# TASK REQUIREMENTS:
What you should give back is a precise copy of the lines below from the one containing "Used 2025 Nissan Rogue SV image 15" through the one containing "956 E 30th Ave, Spokane, WA 99203", with no pictures.
Segment Start: DATA EXCERPTS
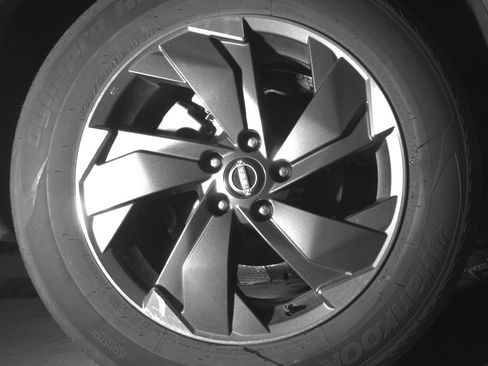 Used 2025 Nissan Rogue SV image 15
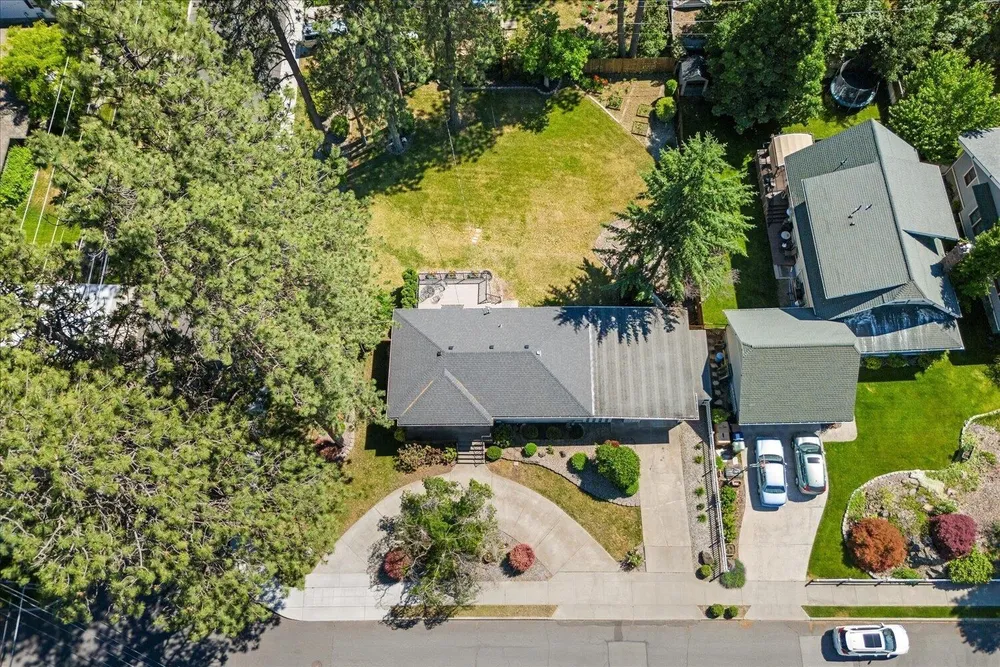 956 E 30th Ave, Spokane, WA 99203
Segment End: DATA EXCERPTS
Segment Start: DATA EXCERPTS
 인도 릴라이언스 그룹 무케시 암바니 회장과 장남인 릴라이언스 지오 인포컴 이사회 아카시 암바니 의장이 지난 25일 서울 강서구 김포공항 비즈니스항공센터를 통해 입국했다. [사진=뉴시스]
Segment End: DATA EXCERPTS
Segment Start: DATA EXCERPTS
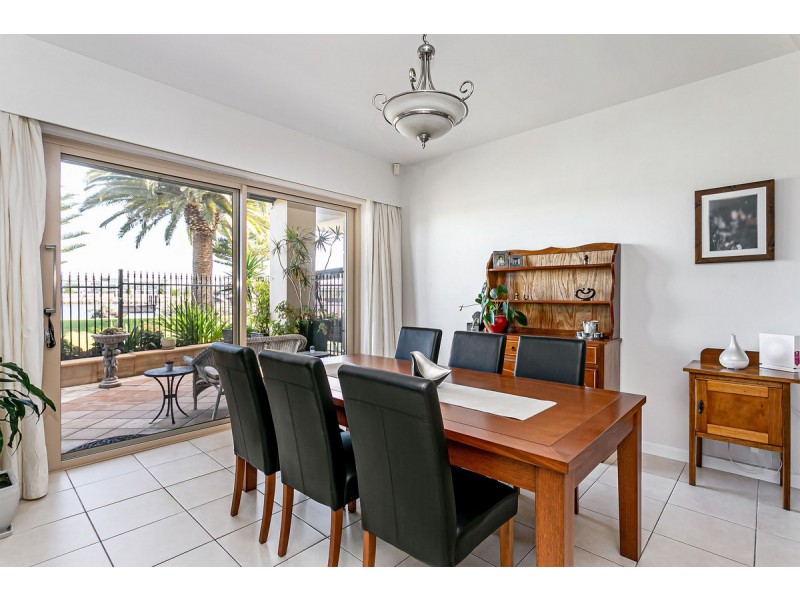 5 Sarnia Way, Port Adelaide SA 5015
Segment End: DATA EXCERPTS
# EXERCISE ANSWER:
 Used 2025 Nissan Rogue SV image 15
 956 E 30th Ave, Spokane, WA 99203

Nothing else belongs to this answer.